DUBAI (Reuters) - The Islamic State suicide bomber who carried out an attack on a Shi'ite mosque in the Saudi city of Najran on Monday threatened Shi'ites and Saudi soldiers, according to a posthumous audio message purportedly by the attacker.
Najran, close to the Yemeni border, is the historic center of the Ismailis, a Shi'ite sect which has long complained of victimization by Wahhabis, who follow the Saudi state's prevailing school of Sunni Islam.
The 3-minute message, which showed a picture of a man with his face covered, circulated on Islamic State-affiliated Twitter accounts on Tuesday.
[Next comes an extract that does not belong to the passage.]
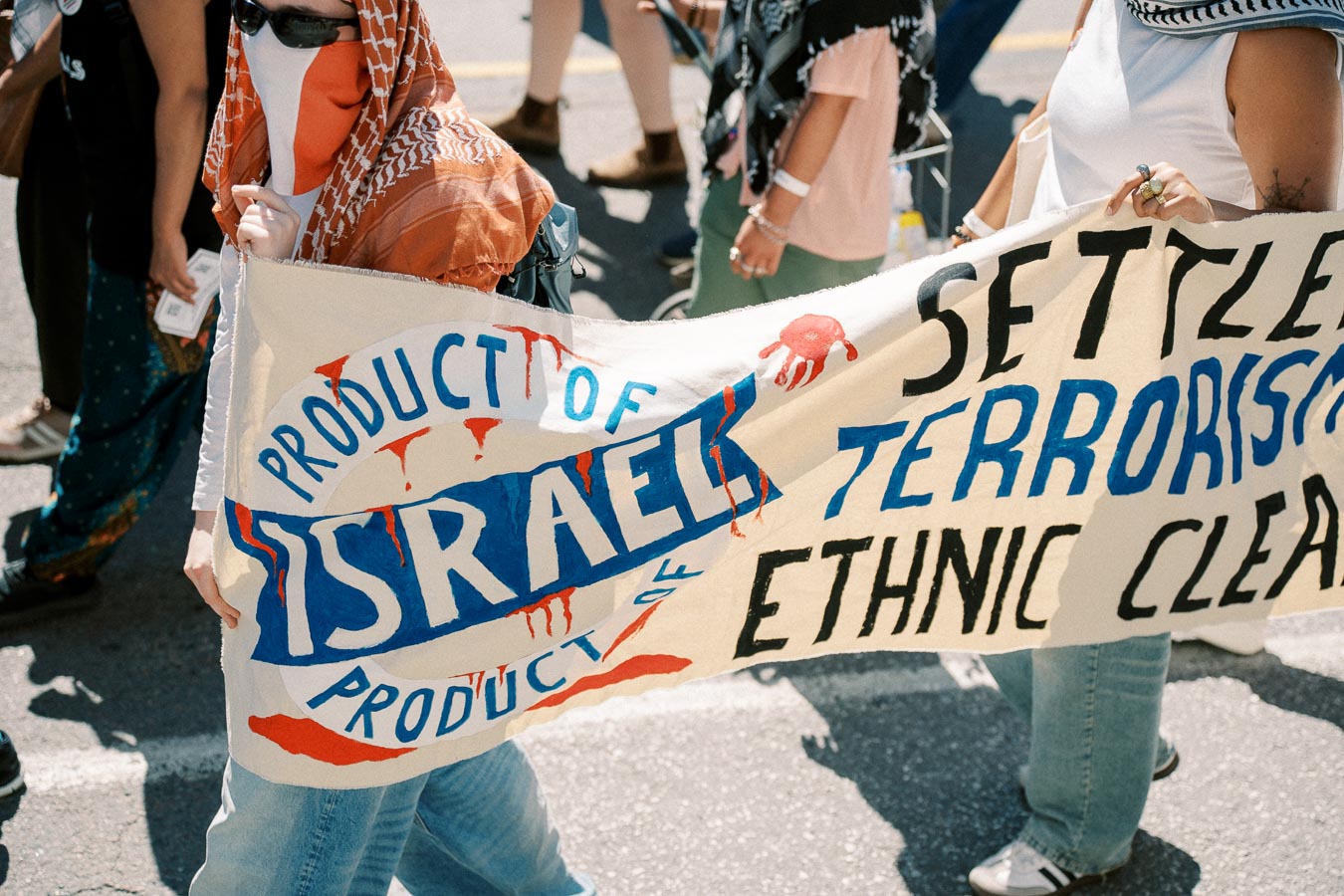 Protesters hold a banner with anti-Israel messages during a demonstration, highlighting political tensions.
Reuters could not verify its authenticity.
"My first message is a threat to the rejectionist Ismailis ... you will not enjoy life in the Peninsula," the man, identified as Abu Ishaq al-Hijazi, said, referring to the Arabian Peninsula.
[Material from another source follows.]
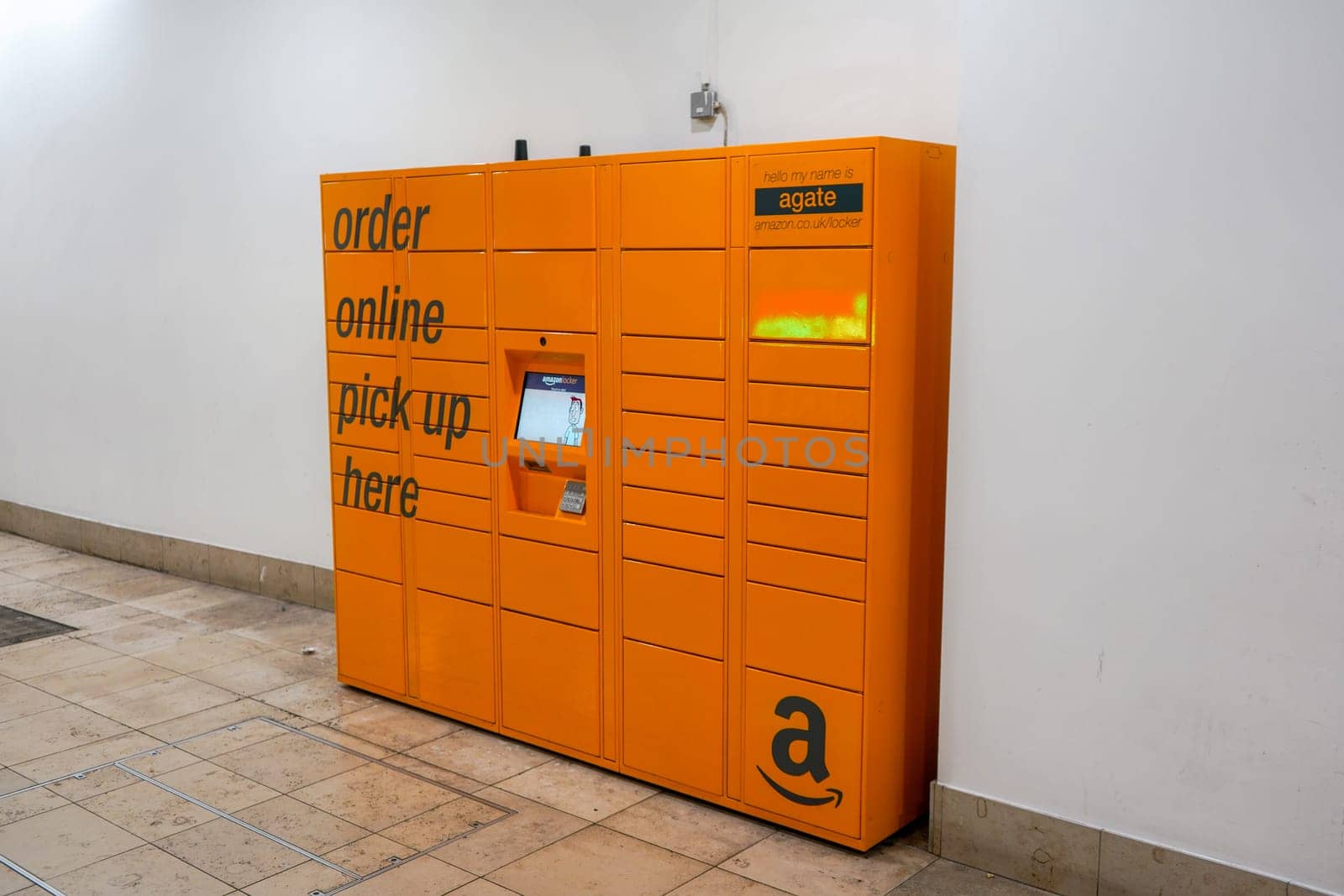 London, United Kingdom - February 03, 2019: Orange Amazon locker in Lewisham shopping centre. Service is used for pick up of orders delivered from on-line store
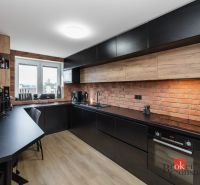A kitchen with a brick wall, black cabinets, and a wooden decor floor in a 2-room apartment.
"My second message, to the soldiers of the tyrant who protect the polytheists and their temples in (Saudi Arabia) ... you will not be safe in your homes or your offices and we'll target you as long as the planes of your guardian hit Muslims with Crusader planes in Iraq and Syria."
Saudi Arabia is part of a U.S.-led coalition against Islamic State militants that has carried out a campaign of air strikes against the militants, who have seized parts of Syria and Iraq.
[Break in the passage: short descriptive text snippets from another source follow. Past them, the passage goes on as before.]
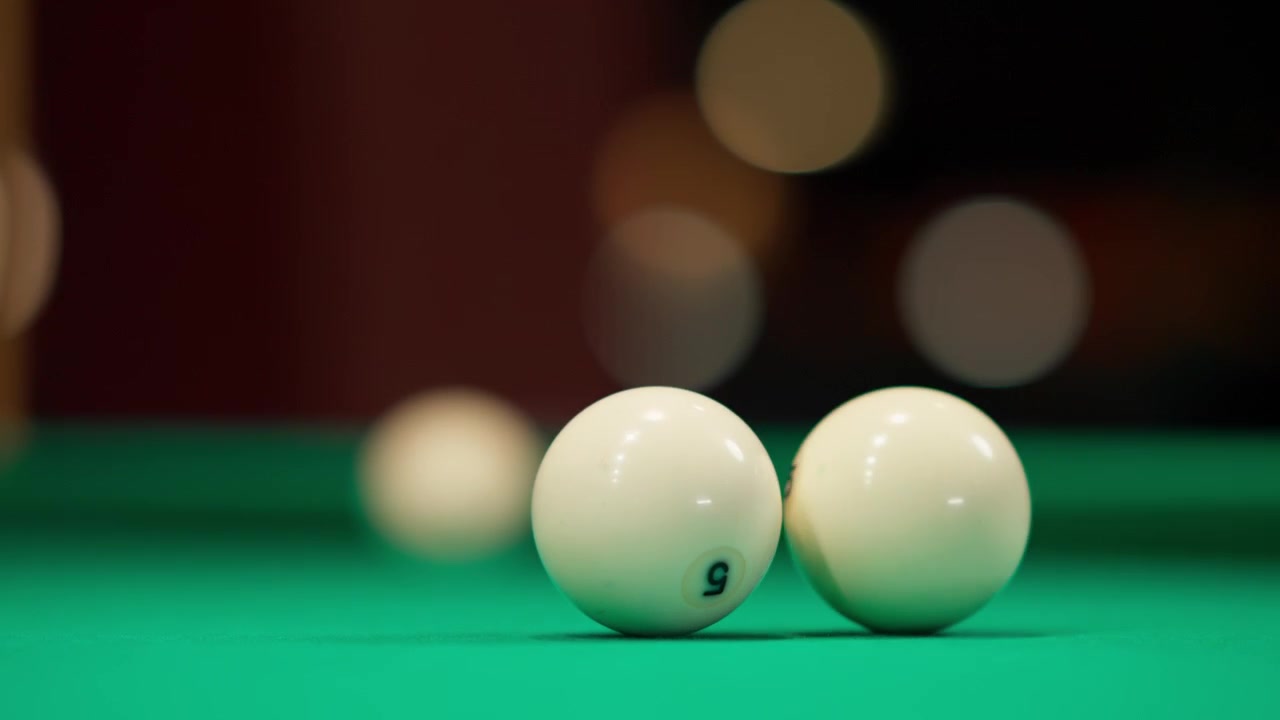 White Billiard Balls Rolling and Colliding on Green Felt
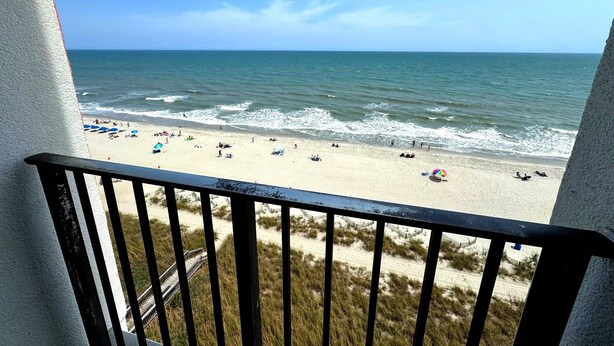 A beach view from a balcony with a railing, sandy beach, ocean, and a clear sky. - Palace 701 (Myrtle Beach)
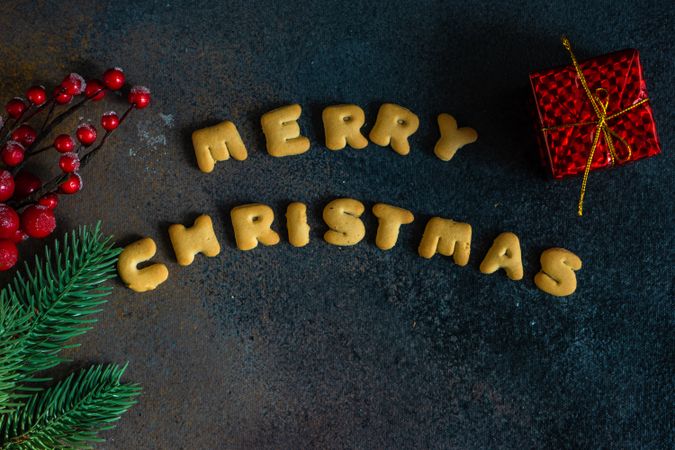 "Merry Christmas" written on dark table with red gift box and holly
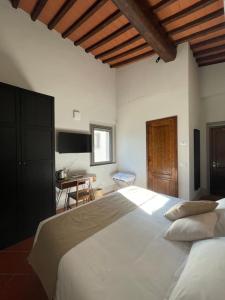 Postel nebo postele na pokoji v ubytování Casale La Gora - B&B di charme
The group is bitterly opposed to Gulf Arab rulers and is seen as trying to stir up sectarian confrontation on the Arabian Peninsula to bring about the overthrow of ruling dynasties.
Monday's suicide bombing, which Islamic State said had targeted the "rejectionist Ismailis", killed one man and wounded several others.
Saudi Arabia has been hit by a spate of deadly shooting and bomb attacks in the last few months, many of them laid at the door of Islamic State, which has urged young Saudi Sunnis to attack targets including Shi'ites.